Write out again only the lines between the one with "Starlit Observatory Duvet" and the end of the records below, both ends counted, and don't include the pictures.

─── Listed records ───

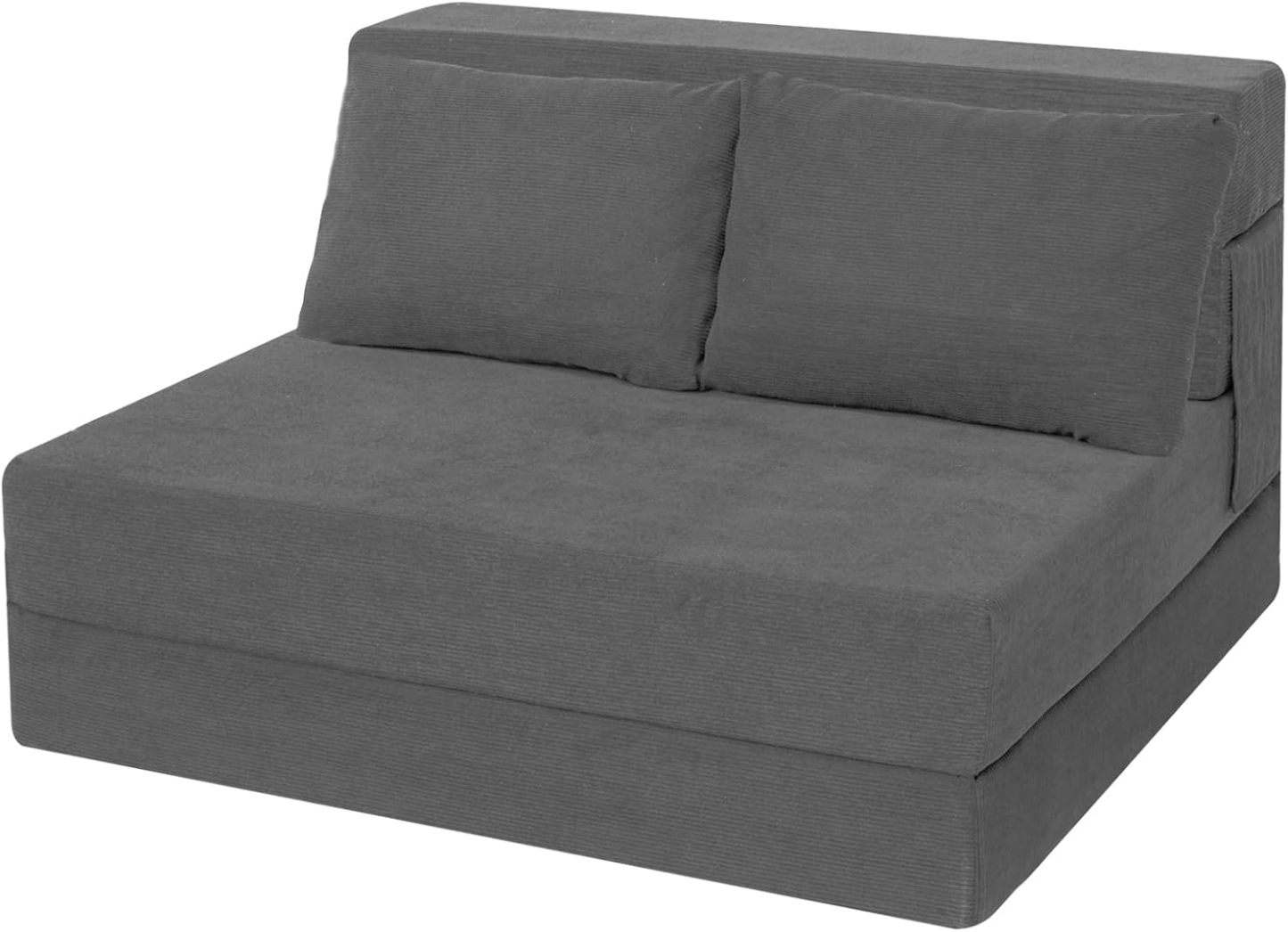 Sofá Cama Plegable Individual con Almohada, Gris Oscuro, Tela Transpirable y Espuma de Alta Densidad, 48.26 cm x 66.06 cm x 58.46 cm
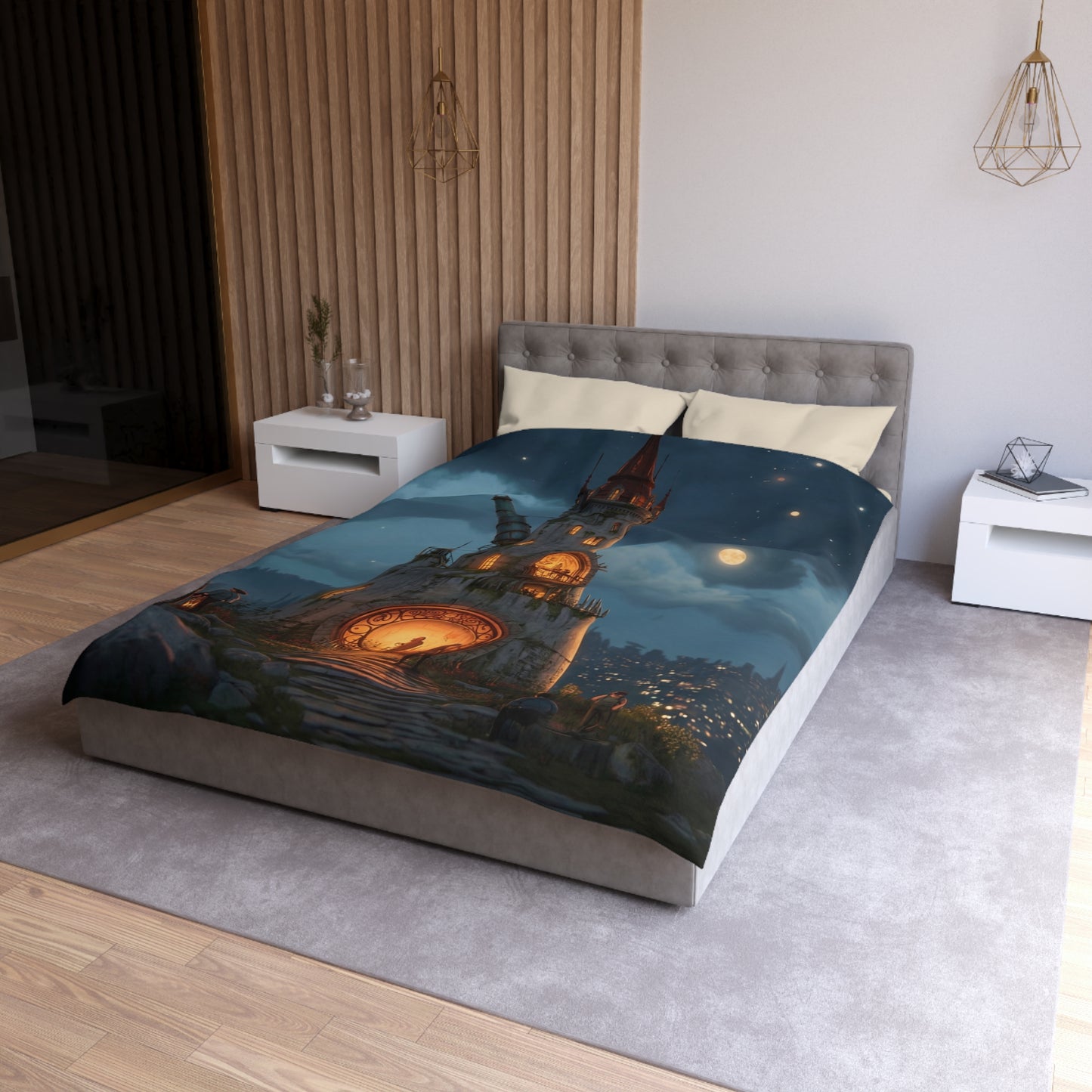 Starlit Observatory Duvet Cover – Whispers of the Cosmic Gate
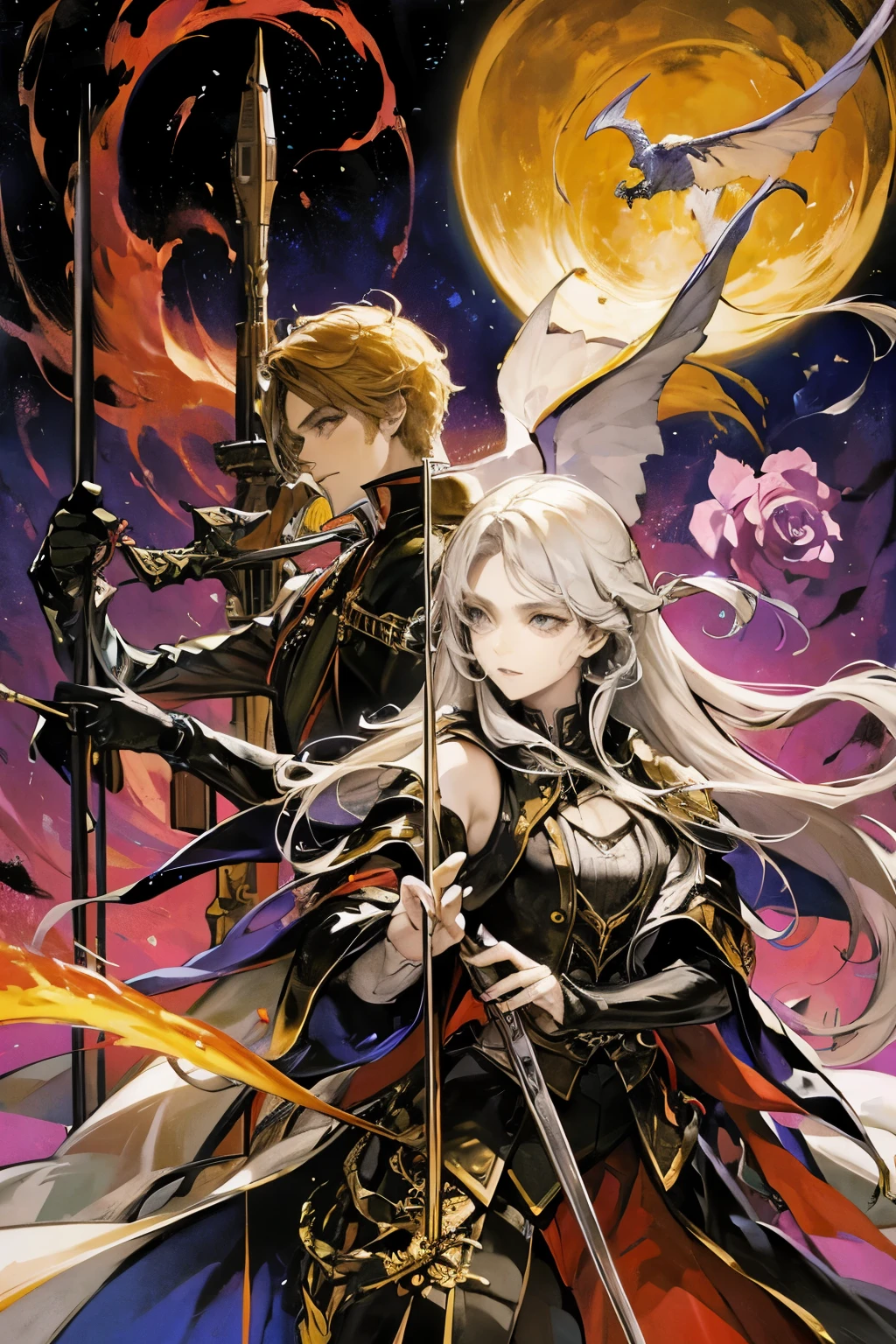 A man and a woman in front of the Moon Castle，Rose Sword and Battle Dragon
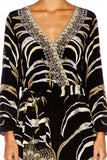Long Sleeve Cross Front Playsuit- Zebra Crossing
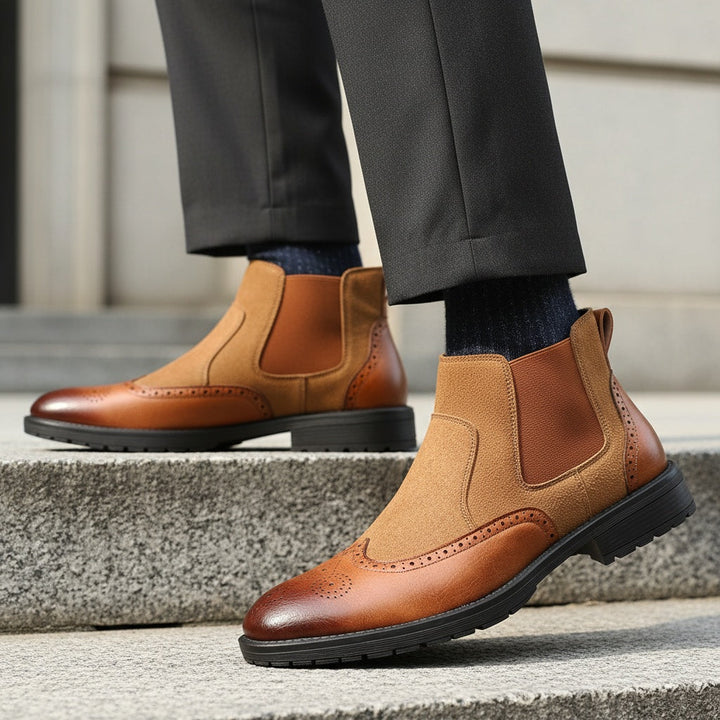 Boots chelsea brogue Quark-18 – détails wingtip, enfilage facile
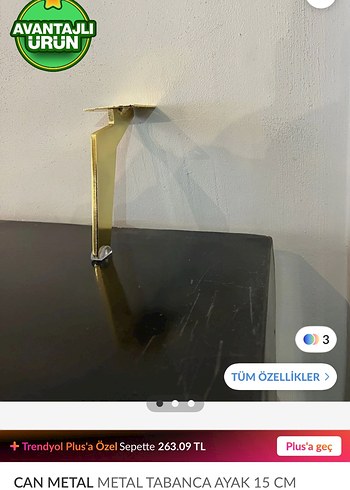 Parlak Altın Dekoratif ayaklık - Görsel 3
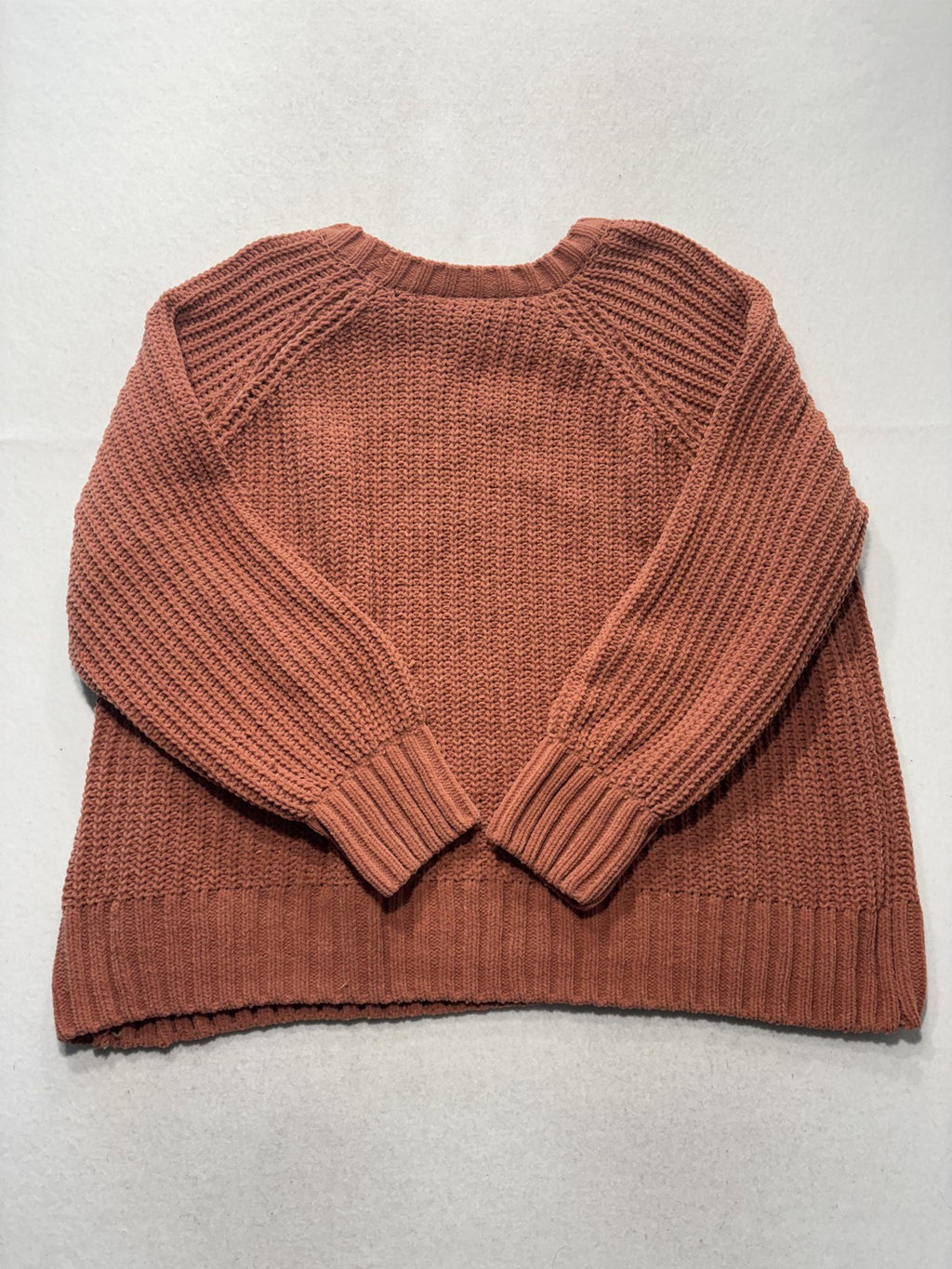 Dip Sweater Womens 2X Plus Orange Crew Neck Raglan Chunky Knit Relaxed Pullover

───

◆ **Response**:
 Starlit Observatory Duvet Cover – Whispers of the Cosmic Gate
 A man and a woman in front of the Moon Castle，Rose Sword and Battle Dragon
Long Sleeve Cross Front Playsuit- Zebra Crossing
 Boots chelsea brogue Quark-18 – détails wingtip, enfilage facile
 Parlak Altın Dekoratif ayaklık - Görsel 3
 Dip Sweater Womens 2X Plus Orange Crew Neck Raglan Chunky Knit Relaxed Pullover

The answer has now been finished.